On 12/26/2015 2:22 PM, Blaster wrote:
On 11/10/2015 1:10 AM, Sandro Bonazzola wrote:
> Hi, upgrade from FC20 to FC22 has not been tested and you're welcome
> to help testing it.
> What I would suggest is:
> - make an image of your existing engine (I suggest clonezilla for
> doing it)
> - install ovirt-release36 from
>
http://resources.ovirt.org/pub/yum-repo/ovirt-release36.rpm
> - fedup from fc20 to fc22 directly, without the fc21 step
> - run rpmconf -a and update relevant config files (be sure to not
> just overwrite them!)
> - run postgresql-setup --upgrade
> - run engine-setup
>
> I suggest to update to fc22 directly because there aren't FC21 builds
> of ovirt engine and the fedup process may not work as expected with
> missing repos.
>
> If the upgrade fails, you can restore the disk image created with
> clonezilla and retry with a different procedure.
>
> If you hit any issue or if you succeed let us know!
So I did a fedup from 20 to 22, which went fairly well. I did have
some issues though:
named was missing some libraries after the upgrade. Removing named
and reinstalling has fixed that up.
rpmconf -a is giving me the following error:
# rpmconf -a
/usr/libexec/pk-command-not-found: error while loading shared
libraries: libpackagekit-glib2.so.16: cannot open shared object file:
No such file or directory
dnf provides "*/libpackagekit-glib2.so.16"
Last metadata expiration check performed 0:59:14 ago on Sat Dec 26
13:19:20 2015.
Error: No Matches found
So not sure what's going on there. I do have PackageKit-glib-devel
installed.
postgresql-setup upgrade
Cannot upgrade because the database in /var/lib/pgsql/data is not of
compatible previous version 9.2.
What do I do about this?
I did engine-setup afterwards and everything seems to be running fine.

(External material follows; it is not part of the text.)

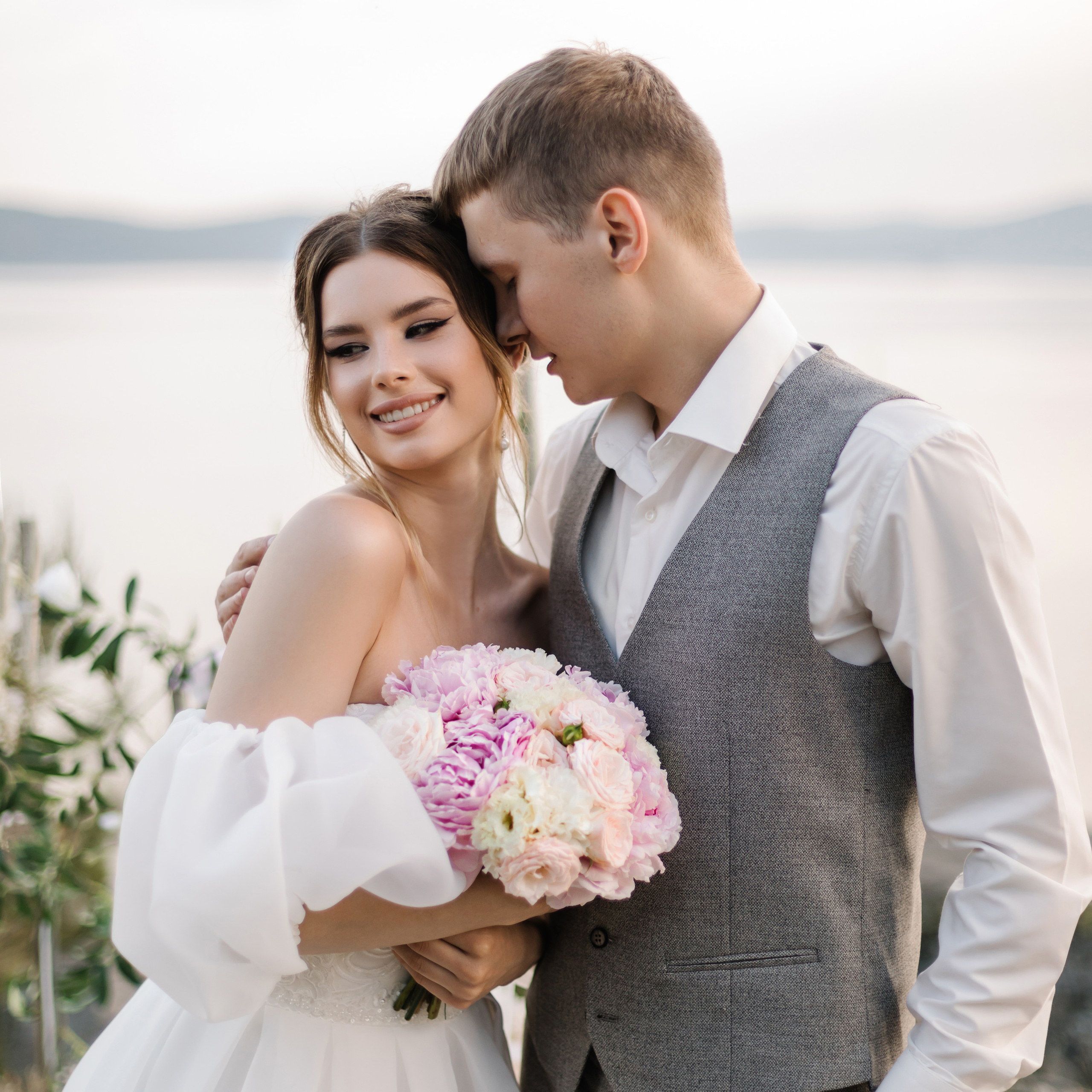 Gold sunset & pink peony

I did have to set my host CPU type back to Sandybridge as it wasn't
recognizing my I7 4790K. Seems to be a known issue.
I also have explanation points next to all my VMs stating that my time
zone configuration differs between the VM config and the guest config,
which they do not.
Finally having a chance to get back at this. This ended up not going
anywhere near as well as I had originally thought.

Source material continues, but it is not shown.